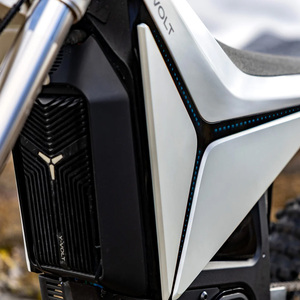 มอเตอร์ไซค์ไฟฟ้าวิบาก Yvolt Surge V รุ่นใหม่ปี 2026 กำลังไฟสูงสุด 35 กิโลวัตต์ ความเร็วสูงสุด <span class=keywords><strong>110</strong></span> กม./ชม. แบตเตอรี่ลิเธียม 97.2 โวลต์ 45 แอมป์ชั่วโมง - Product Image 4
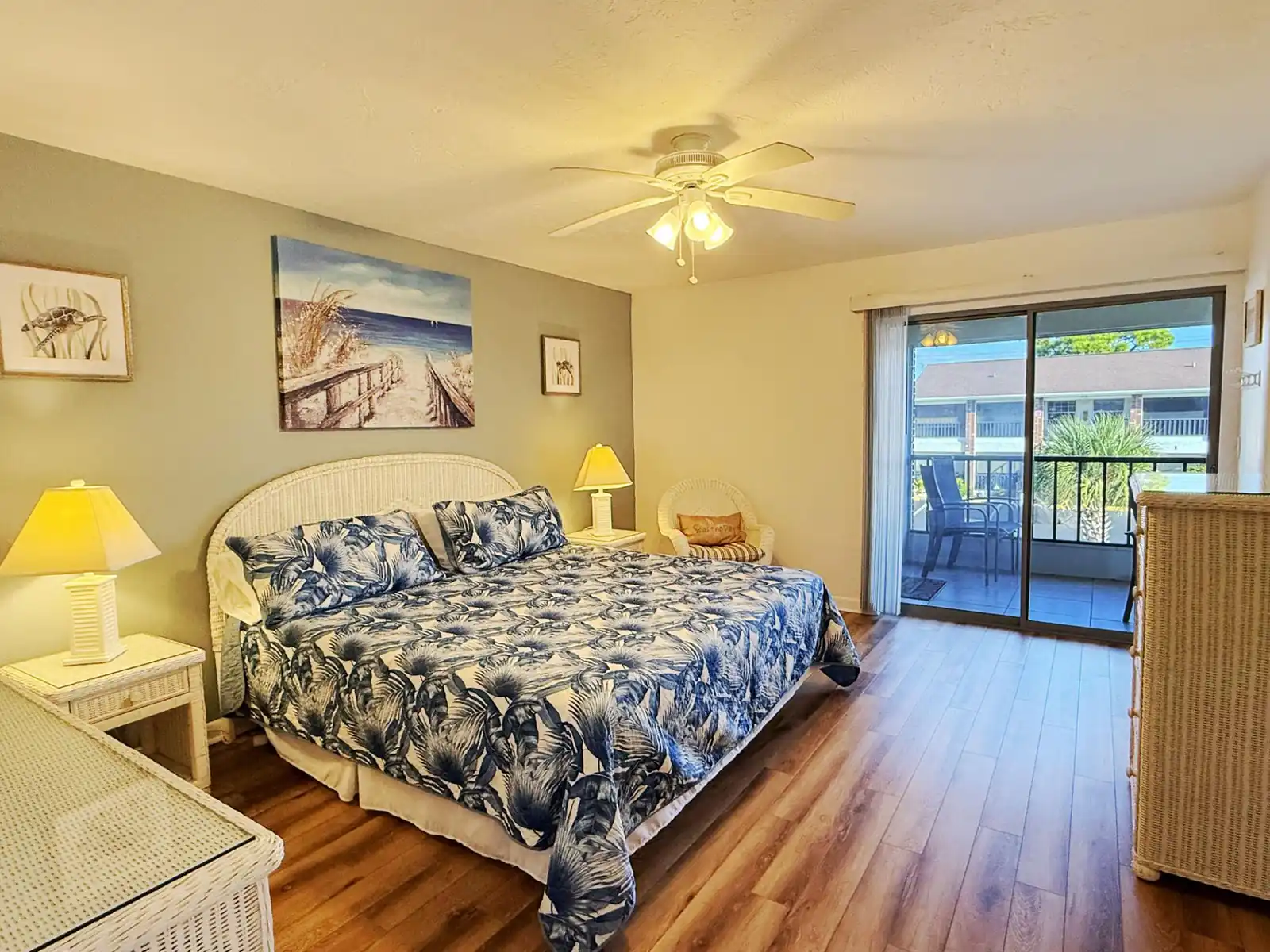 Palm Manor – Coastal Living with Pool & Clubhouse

..........

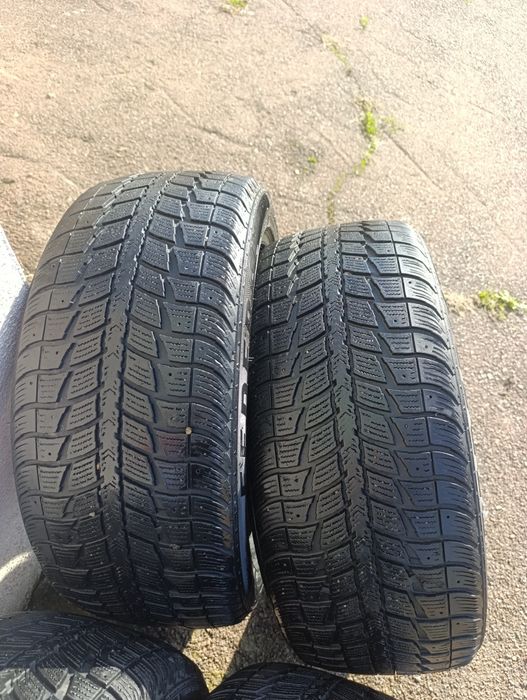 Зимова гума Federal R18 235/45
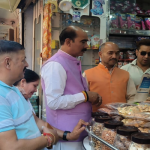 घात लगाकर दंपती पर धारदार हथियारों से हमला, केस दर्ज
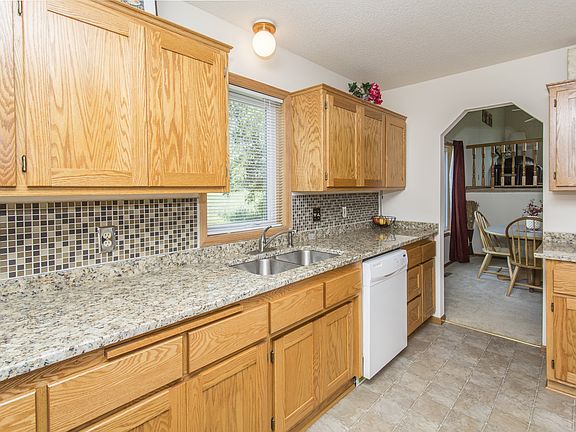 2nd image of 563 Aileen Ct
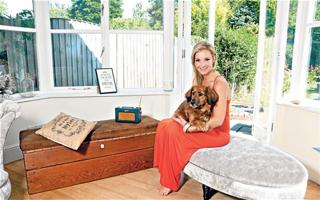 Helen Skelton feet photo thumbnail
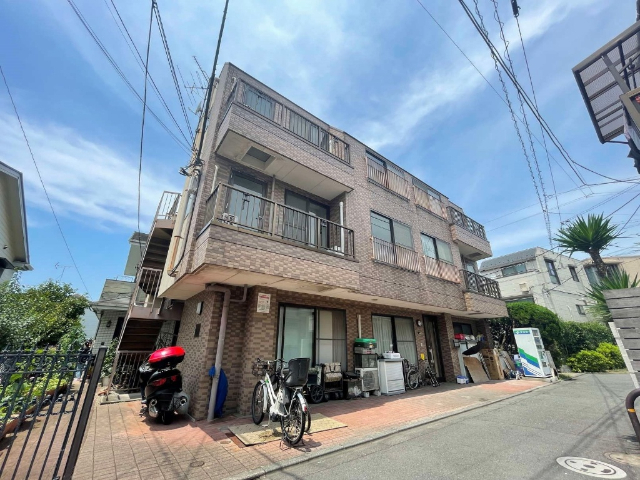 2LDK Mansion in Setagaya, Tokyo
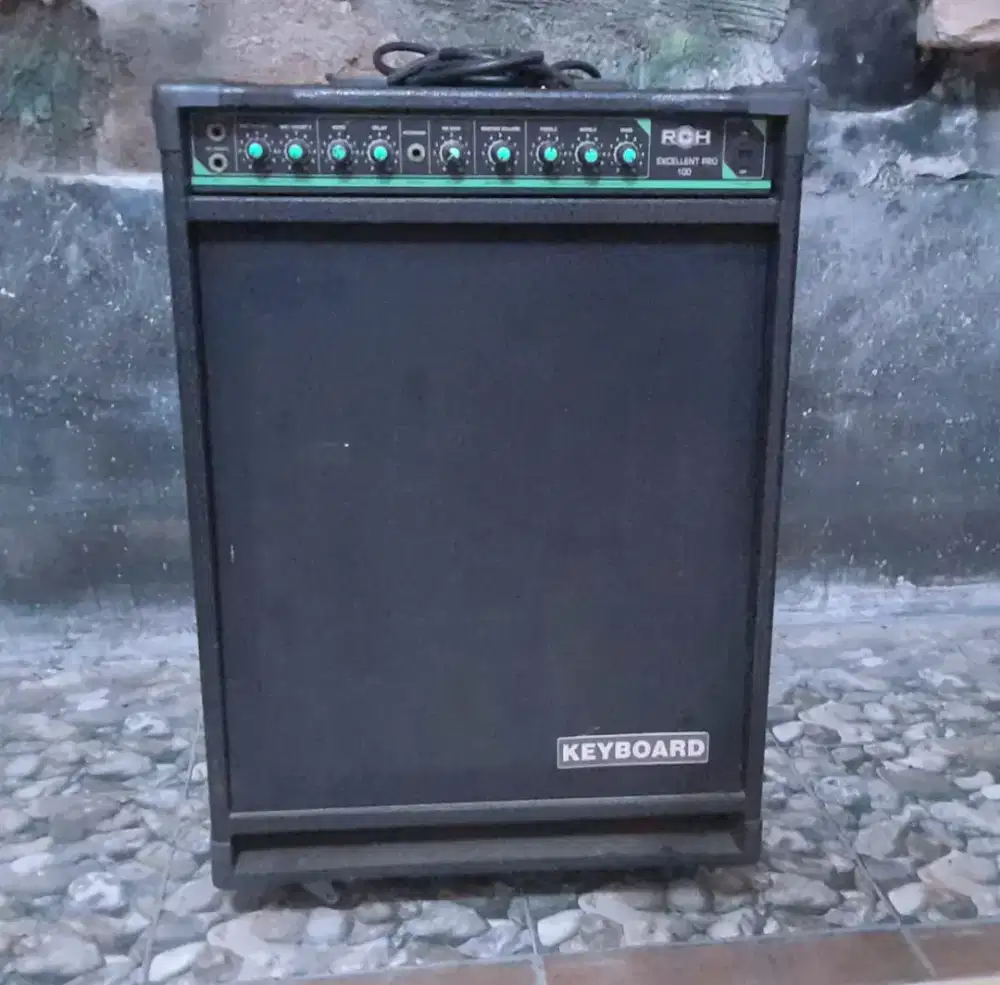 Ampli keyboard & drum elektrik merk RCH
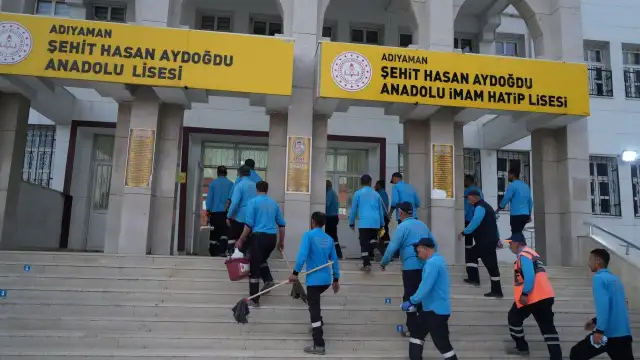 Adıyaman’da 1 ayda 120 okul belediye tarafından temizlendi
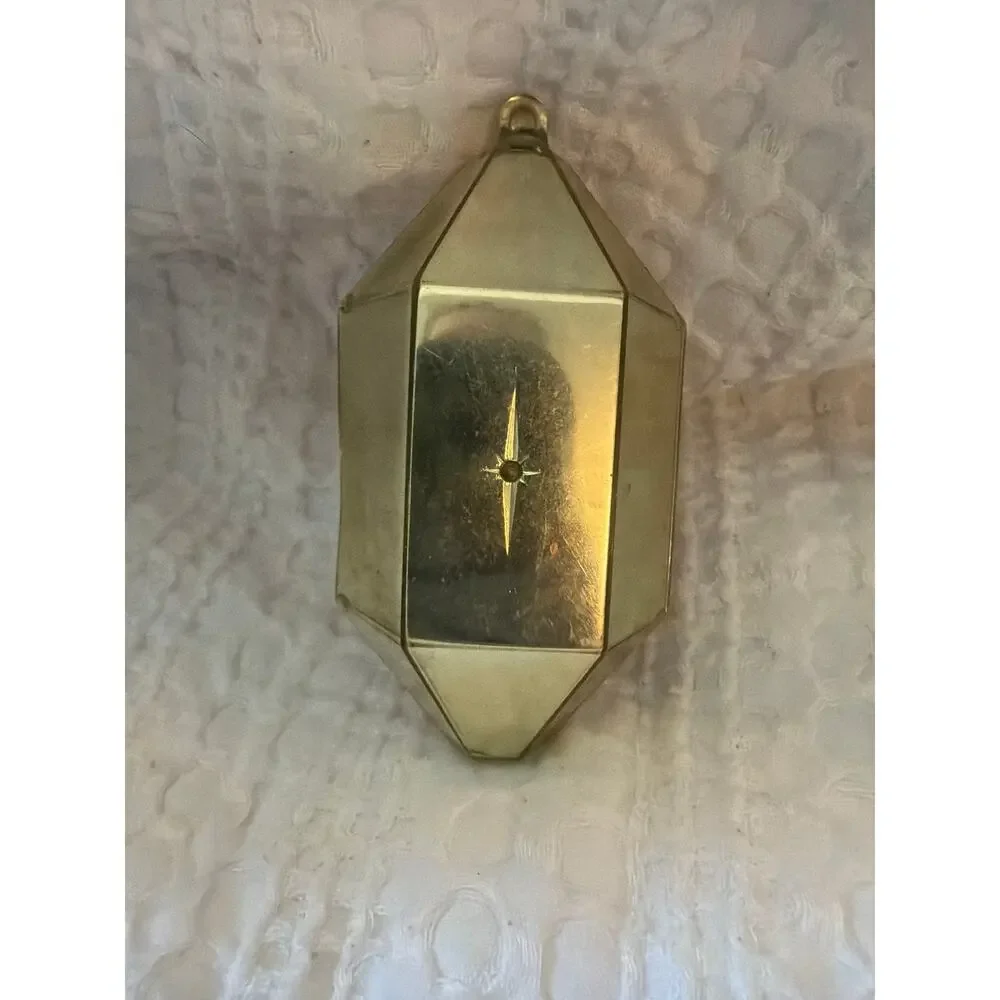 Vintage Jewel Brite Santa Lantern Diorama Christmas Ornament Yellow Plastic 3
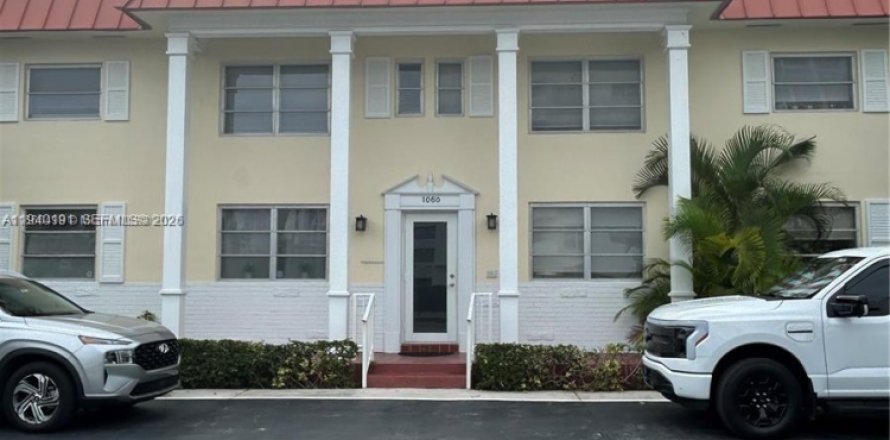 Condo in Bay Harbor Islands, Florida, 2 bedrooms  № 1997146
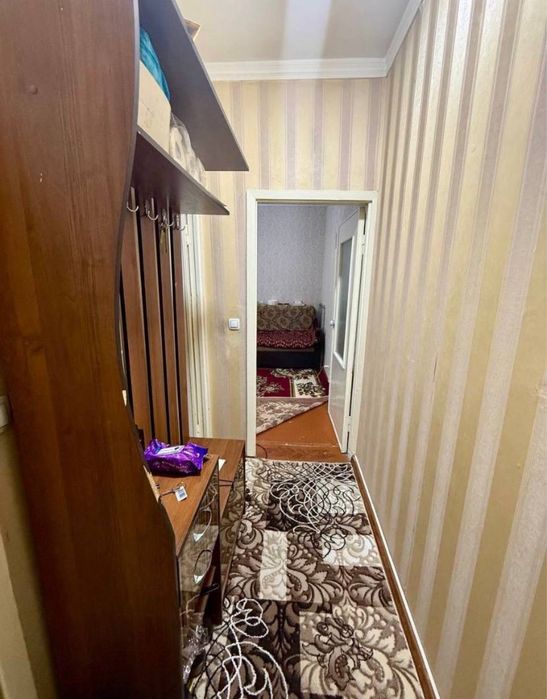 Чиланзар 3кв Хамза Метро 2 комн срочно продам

..........

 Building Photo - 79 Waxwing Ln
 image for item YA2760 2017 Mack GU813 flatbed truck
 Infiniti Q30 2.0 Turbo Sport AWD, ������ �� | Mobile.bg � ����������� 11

..........

Work request: Restate word for word every line from the one with "มอเตอร์ไซค์ไฟฟ้าวิบาก Yvolt Surge" up to and including the one with "Palm Manor –" in the records above, minus the pictures.

Solution to the exercise:
 มอเตอร์ไซค์ไฟฟ้าวิบาก Yvolt Surge V รุ่นใหม่ปี 2026 กำลังไฟสูงสุด 35 กิโลวัตต์ ความเร็วสูงสุด <span class=keywords><strong>110</strong></span> กม./ชม. แบตเตอรี่ลิเธียม 97.2 โวลต์ 45 แอมป์ชั่วโมง - Product Image 4
 Palm Manor – Coastal Living with Pool & Clubhouse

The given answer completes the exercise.